(Saved entries)

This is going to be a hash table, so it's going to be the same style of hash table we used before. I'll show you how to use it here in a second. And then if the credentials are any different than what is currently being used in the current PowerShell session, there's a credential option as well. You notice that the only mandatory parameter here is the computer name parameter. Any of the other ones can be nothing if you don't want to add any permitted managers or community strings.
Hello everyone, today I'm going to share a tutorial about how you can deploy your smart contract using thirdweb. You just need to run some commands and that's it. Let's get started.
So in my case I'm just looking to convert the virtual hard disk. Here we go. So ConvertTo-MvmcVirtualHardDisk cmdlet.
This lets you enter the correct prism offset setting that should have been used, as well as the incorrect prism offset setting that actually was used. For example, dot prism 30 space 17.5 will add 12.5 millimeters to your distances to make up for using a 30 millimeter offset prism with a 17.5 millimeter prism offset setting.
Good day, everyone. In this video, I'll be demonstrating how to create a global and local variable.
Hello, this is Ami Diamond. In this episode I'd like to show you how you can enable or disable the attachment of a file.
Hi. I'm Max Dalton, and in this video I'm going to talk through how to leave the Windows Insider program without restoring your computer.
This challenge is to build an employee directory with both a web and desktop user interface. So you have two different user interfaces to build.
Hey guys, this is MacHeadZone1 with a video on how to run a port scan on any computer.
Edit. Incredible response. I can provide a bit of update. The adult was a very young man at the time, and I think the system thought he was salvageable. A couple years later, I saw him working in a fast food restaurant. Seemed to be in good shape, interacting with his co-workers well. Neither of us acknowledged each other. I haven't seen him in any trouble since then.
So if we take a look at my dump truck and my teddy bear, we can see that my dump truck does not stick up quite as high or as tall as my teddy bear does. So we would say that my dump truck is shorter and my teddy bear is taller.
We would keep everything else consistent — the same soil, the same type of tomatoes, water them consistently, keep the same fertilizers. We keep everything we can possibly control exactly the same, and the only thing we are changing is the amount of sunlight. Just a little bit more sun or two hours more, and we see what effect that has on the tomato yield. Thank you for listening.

==

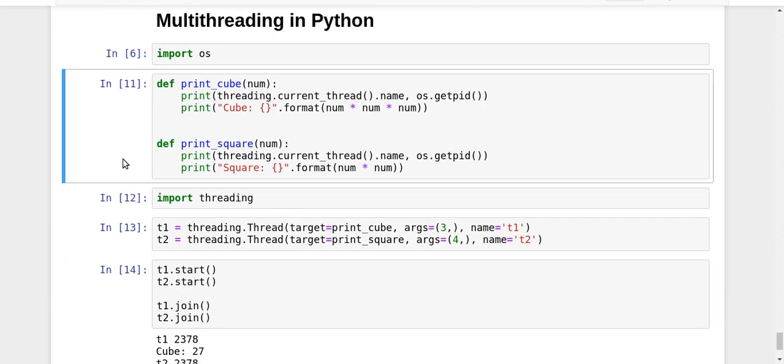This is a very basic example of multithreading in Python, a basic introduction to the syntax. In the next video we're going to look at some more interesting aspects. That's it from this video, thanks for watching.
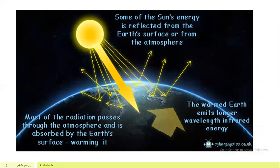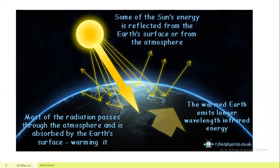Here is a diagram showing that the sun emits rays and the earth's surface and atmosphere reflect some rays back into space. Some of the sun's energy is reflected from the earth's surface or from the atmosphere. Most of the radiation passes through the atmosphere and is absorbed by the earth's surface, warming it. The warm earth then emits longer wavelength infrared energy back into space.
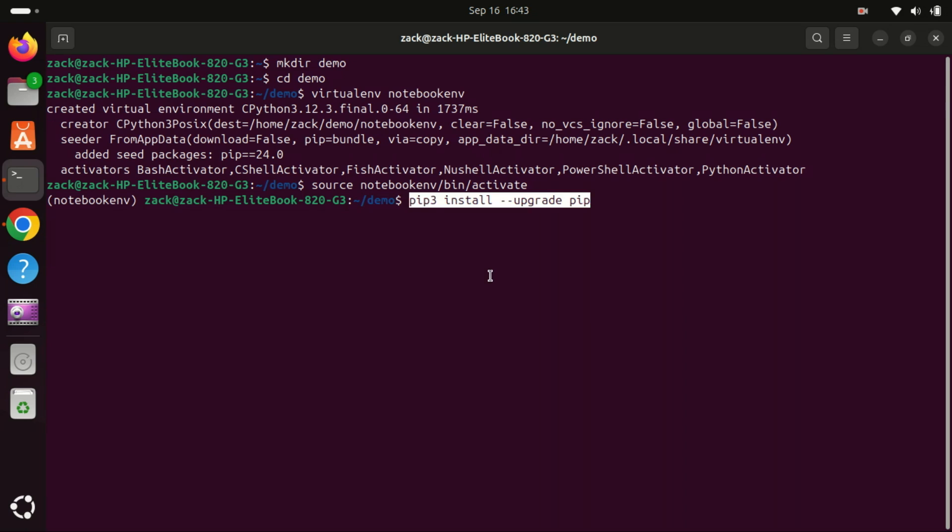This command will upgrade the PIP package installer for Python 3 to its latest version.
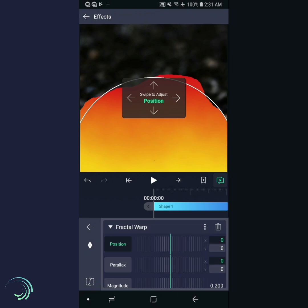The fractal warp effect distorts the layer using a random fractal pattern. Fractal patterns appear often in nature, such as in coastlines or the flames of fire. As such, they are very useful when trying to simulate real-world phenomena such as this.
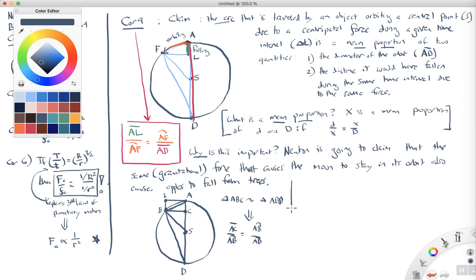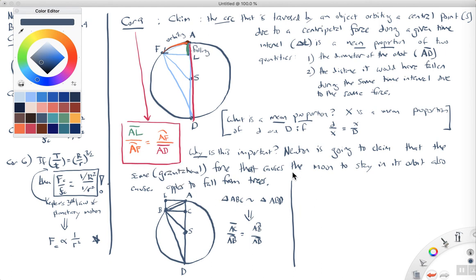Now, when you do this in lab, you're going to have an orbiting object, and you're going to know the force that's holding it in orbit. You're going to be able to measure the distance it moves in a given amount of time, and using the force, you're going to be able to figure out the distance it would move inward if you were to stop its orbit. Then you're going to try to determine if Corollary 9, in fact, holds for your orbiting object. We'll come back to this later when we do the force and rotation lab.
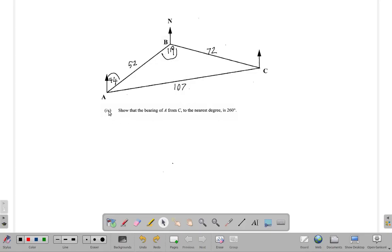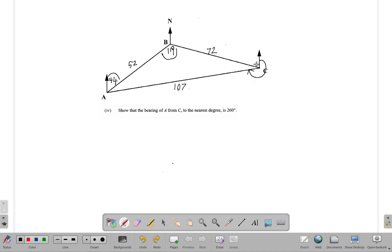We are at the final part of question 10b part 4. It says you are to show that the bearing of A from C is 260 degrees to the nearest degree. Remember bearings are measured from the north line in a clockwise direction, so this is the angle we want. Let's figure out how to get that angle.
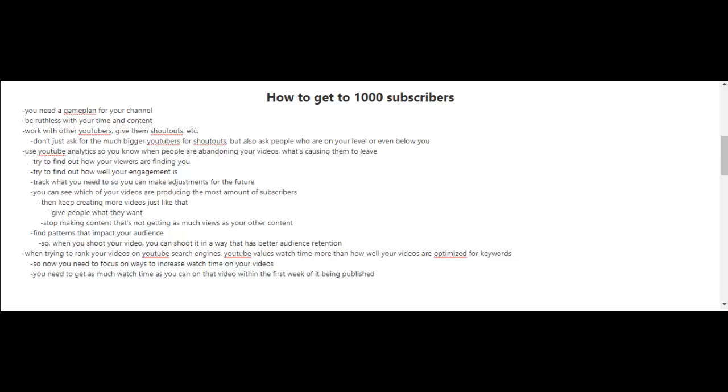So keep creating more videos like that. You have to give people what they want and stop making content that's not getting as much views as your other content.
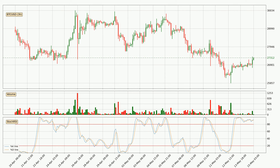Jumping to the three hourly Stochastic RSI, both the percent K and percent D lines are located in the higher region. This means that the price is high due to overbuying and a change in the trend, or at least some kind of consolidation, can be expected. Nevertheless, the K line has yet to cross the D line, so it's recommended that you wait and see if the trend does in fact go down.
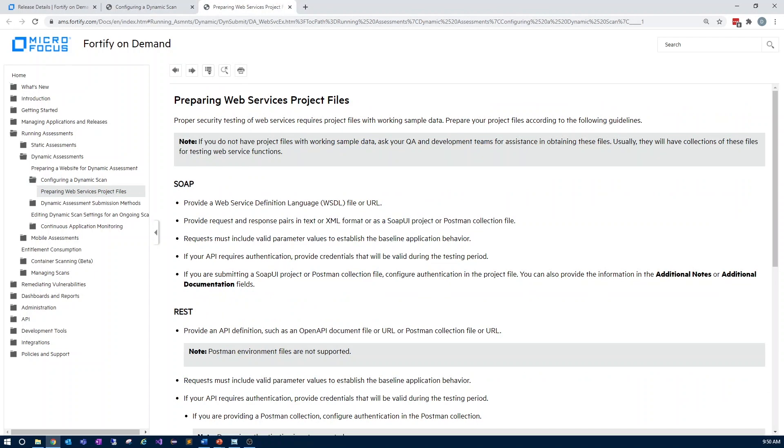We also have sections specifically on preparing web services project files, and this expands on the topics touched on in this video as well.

• _Your objective_
Copy out each line of the records where the word "Hello" appears.

• _Answer to the exercise_
Hello everyone, today I'm going to share a tutorial about how you can deploy your smart contract using thirdweb. You just need to run some commands and that's it. Let's get started.
Hello, this is Ami Diamond. In this episode I'd like to show you how you can enable or disable the attachment of a file.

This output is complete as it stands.